17小節目で一旦へ短調になりつつも、すぐに変ロ短調になり9小節目の同じメロディが奏でられます。そして21小節目でへ短調に戻ります。23小節目からは似たような音型を繰り返しながら(少しづつ微妙に違っている)、曲が進行していきます。

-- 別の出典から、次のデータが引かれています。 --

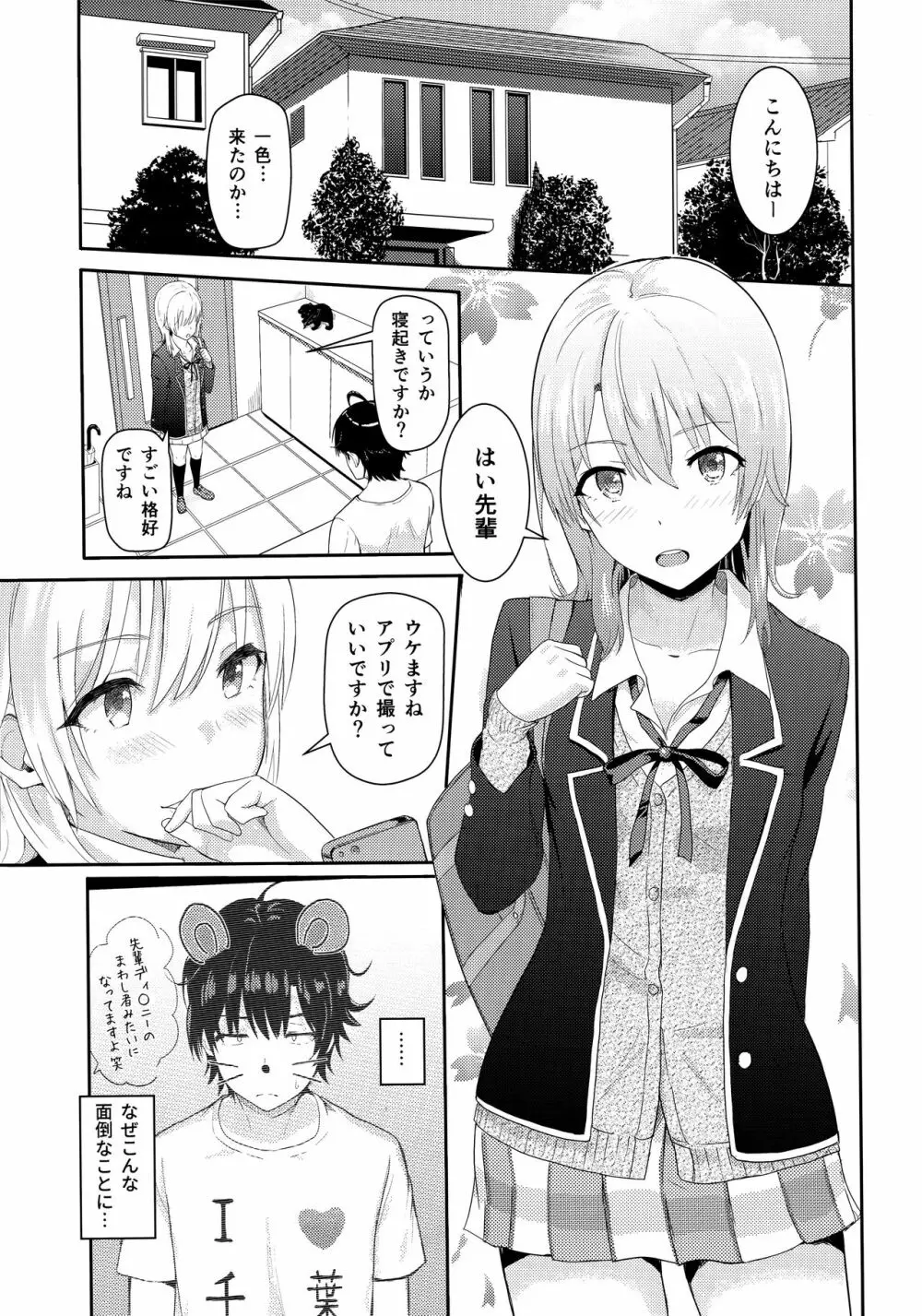 Iroha ~Reverse 3~ Page.2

31小節目の2拍目からオクターヴ違いで同じ音型を奏でて、再びA’(5:29~)が現れます。このA’は1回目、2回目と同じで変化はありません。そしてコーダに向かいます。
⑦ コーダ 6:02~
コーダでは変イ長調の主和音が鳴らされた後、すぐに減7の和音のアルペジオが上行し、属和音を鳴らしながらメロディを奏でます。これを繰り返し、Aのメロディの動機を用いて変イ長調の主和音で終わると思いきや、いきなりハ長調の主和音が割り込み、コーダ10小節目の3拍目で変イ長調の属和音が登場し、力強く変イ長調の主和音を鳴らして曲を締めくくります。
3 総括
以上となります。いかがでしたか?
調は変イ長調とはなっているものの、常に転調を繰り返しながら曲が進行しているので、調性的に不安定な部分が数多く見受けられました。和声を意識しながら演奏するのは難しそうです。この記事を書きながら、改めて難しい曲だなと実感させられました。
このように調が安定しない曲でありながらも、ここまで有名な作品に仕上げたてたのはショパンならではの書法と才能があったこそだからでしょう。
テンポに関しては大体は7分を切るぐらいのテンポで演奏しているピアニストが多い印象ですが、"Maestoso"なので明確に「この速さで」と指示しているわけではありません。奏者によっては7分超える演奏もあるので聞き比べても面白いと思います。